This will be the only part of my series about my most recent adventure in San Francisco that is not, more or less, in chronological order- probably- and I guess, most of it almost is. After I finished walking out onto the Golden Gate Bridge early in the morning- okay, it was now yesterday morning, not this morning, but to change the title of my whole post series would be confusing- I drove around the Presidio. This a huge preserved National Park around the South end of the bridge, and it was a military base for years. I went up into the national cemetery there, where many of our fallen military lie interred. You can see the bridge behind the trees.
There are soldiers and sailors from many wars resting in this place.
It was very solemn, and still, in the very early morning.
There has never been a battle fought in San Francisco, nor in the seas outside the Golden Gate. But, as an ex-Navy man, and a student of history, there is a lot of history here that has to do with war.
Whenever there has been a war, or, undoubtedly, will be another war, people get worried that battle will come to the Bay Area. This is not an unreasonable fear. The huge bay is full of Naval bases, active and closed, and other military installations.

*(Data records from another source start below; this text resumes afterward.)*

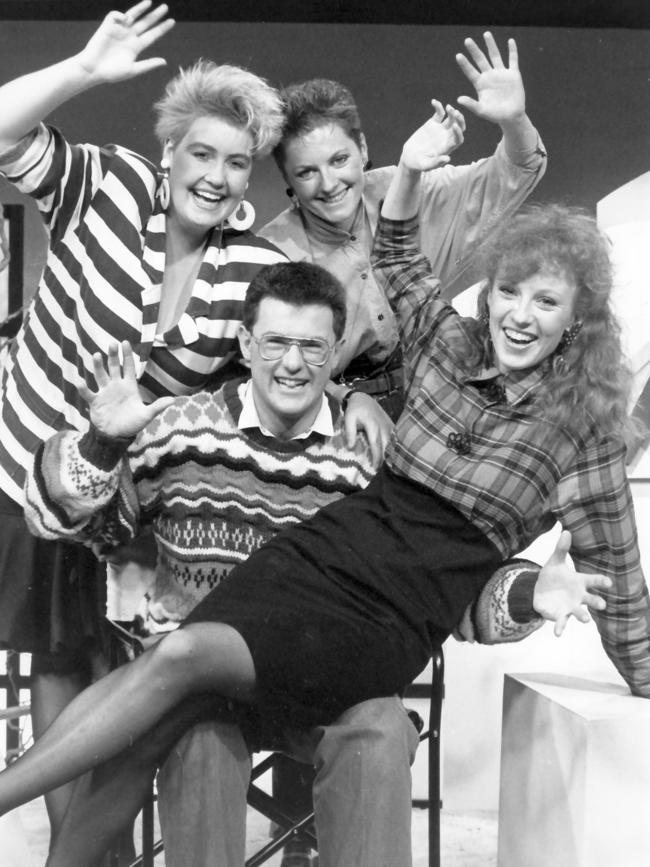 21 August 1988 – TasTV KTV children's program presenters Leisl Millhouse, Danny Milos, Kate Gaul and Rebecca Irving celebrate the show's international success.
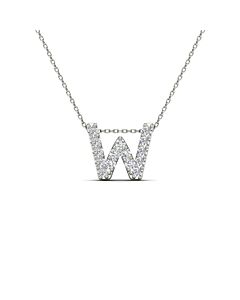Maulijewels 0.15 Carat Natural Diamond Initial " W " Pendant Necklace In 14K White Gold With 18" Cable Chain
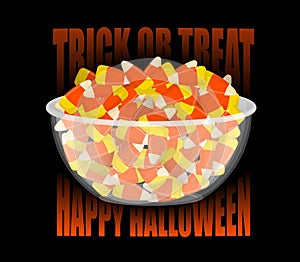 Trick or treat. Happy Halloween. bowl and candy corn. Sweets on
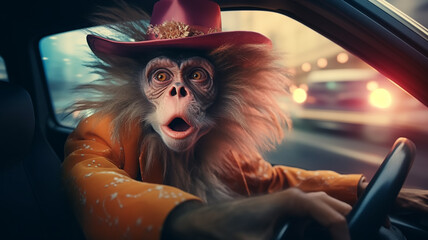 A monkey is driving a car, a fantastic character - obrazy, fototapety, plakaty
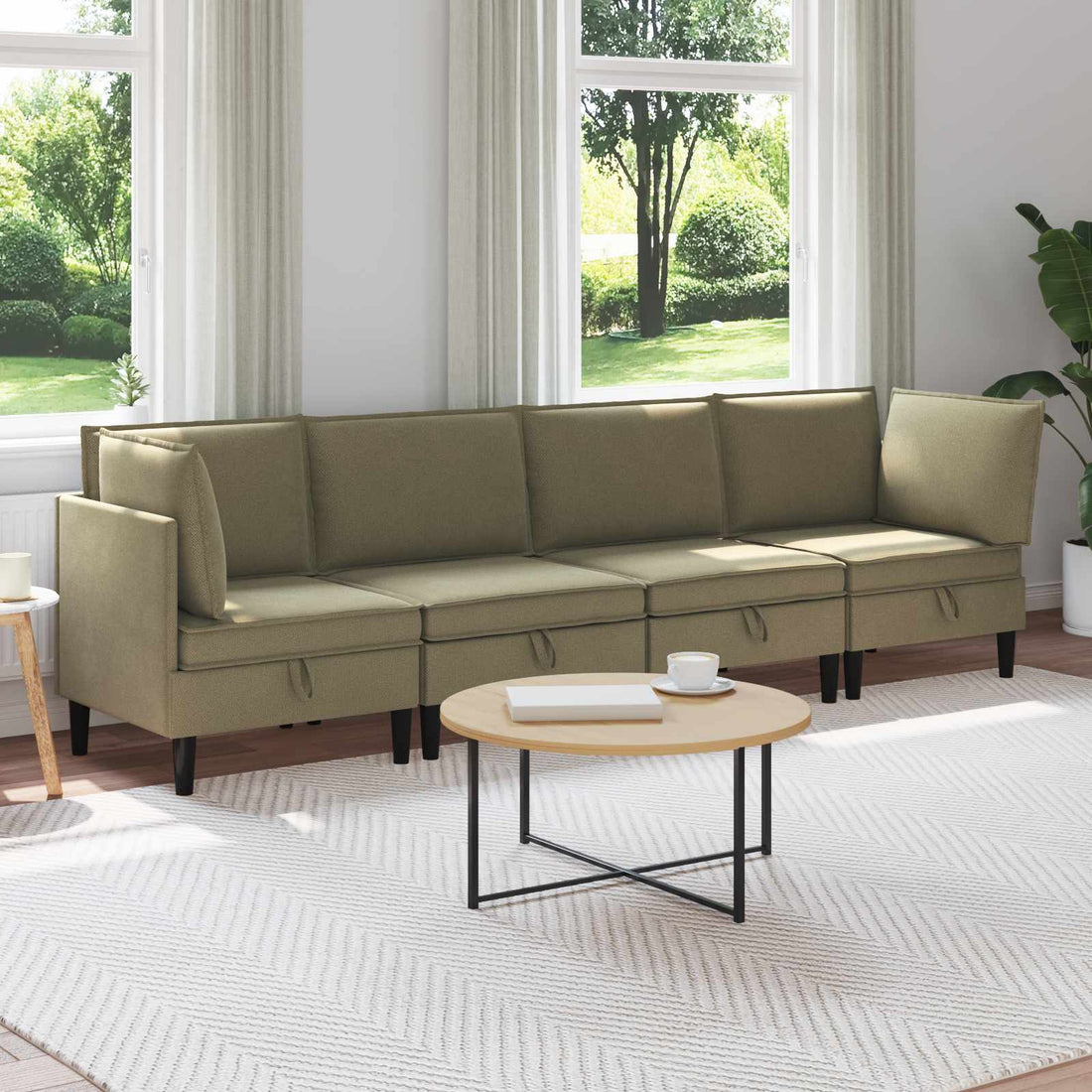 vidaXL Juego de muebles de salón 4 uds. Caqui Tela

Also, it is a vital shipping hub for anywhere on Earth America might be fighting, as well as getting the things we need from overseas. As I drove, following the coastline of San Francisco, looking for good places to get more photos of the bridge and whatever else interested me, I just kept running into reminders of our past struggles. Here is a machine gun nest, on a slope, overlooking the entrance to the bay.

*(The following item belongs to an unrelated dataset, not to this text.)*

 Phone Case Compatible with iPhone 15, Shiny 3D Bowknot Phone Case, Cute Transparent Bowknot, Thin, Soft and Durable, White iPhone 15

It is just a few yards from this monument, shown from behind, that commemorates the missing soldiers, sailors and Marines of World War Two.
And not far from there is a memorial that I have seen, but never really took a close look at.
Those are shell holes in steel.
And that isn’t thin steel. That is armor plate. And those shell holes are not small.
Those steel-armored plates come from the bridge railing of the USS San Francisco.
Those shell holes come from Japanese Naval artillery of various sizes. The wreath, laid at the foot of this marker to a US admiral who fell during the battle I am about to tell you about, has a ribbon across it that says: Australia. Because this battle was fought to stop the Japanese drive towards Australia. If the Japanese had managed to land there, Australia would have fallen, because most of their soldiers were already off fighting in other places.
In one of those weird coincidences that crop up now and again, I am right now in the middle of reading a book about the Marines in World War Two, and the battle in question is mentioned, although more from the point of view of the Marines than the sailors who fought the naval battle. But the Marines would have been left without support or supplies if the battle had been lost.
The battle of Guadalcanal was fought not only on that island, but in the seas and the skies around it as well. The naval part of the battle is one of the biggest close-range artillery sea battles ever fought. I can’t tell you all about it. You could Google it, or read some books. But it is worth knowing about.
It is worth knowing about the men who stood behind this steel.
The San Francisco survived, with heavy damage. The bridge wings were removed and replaced. Fortunately, the damaged wings were preserved. They now rest here, near the Golden Gate, erected as they once stood on that ship, as a tribute to the men who sailed in her.
The fear of an attack on the Bay Area has roots in the American Civil War. There is, as I have mentioned many times before, a Civil War Fort- Fort Point- that still stands, nestled under an arch at the Southern footing of the bridge. They built the bridge over the fort, leaving it to stand, even though it was long obsolete by the time the bridge was built. I put a good photo of the fort, taken from the bridge, in the first post in this series.
Just a little way from all these other things, there stands this impressive structure.
In fact, the hills and coastline all around the mouth of the bay, and leading off on either side, are still dotted with these old coastal artillery emplacements.
Here is the huge mount for one of these awesome canons, able to hurl shells at enemy ships miles out to sea.
Standing on that gun mount, peering over the parapet, out beyond the entrance to the bay, where lookouts would have kept watch for enemy vessels approaching from the vast Pacific Ocean.
Begun during the Civil War, these fortifications have been upgraded and improved, especially during the two World Wars, and the Cold War era.
Looking towards the Golden Gate Bridge from the gun pit.
In World War Two, just after Pearl Harbor, many people were expecting a Japanese fleet to sail into the bay. I know, it is hard to believe that now, but it wasn’t unreasonable then. We were getting our asses kicked all over the Pacific, and most of our Pacific Fleet was in ruins.
From the Presidio, inside the mouth of the bay, looking North. The old buildings of the military base are, for the most part, still there. Now we are more worried about cyber attacks than battleships, but Russia still has a huge army and navy and nuclear missiles and bombs. China is huge, and not always stable. Maniacs rule many nations.
But, if worse comes to worst, there are always those who will step up to defend these shores.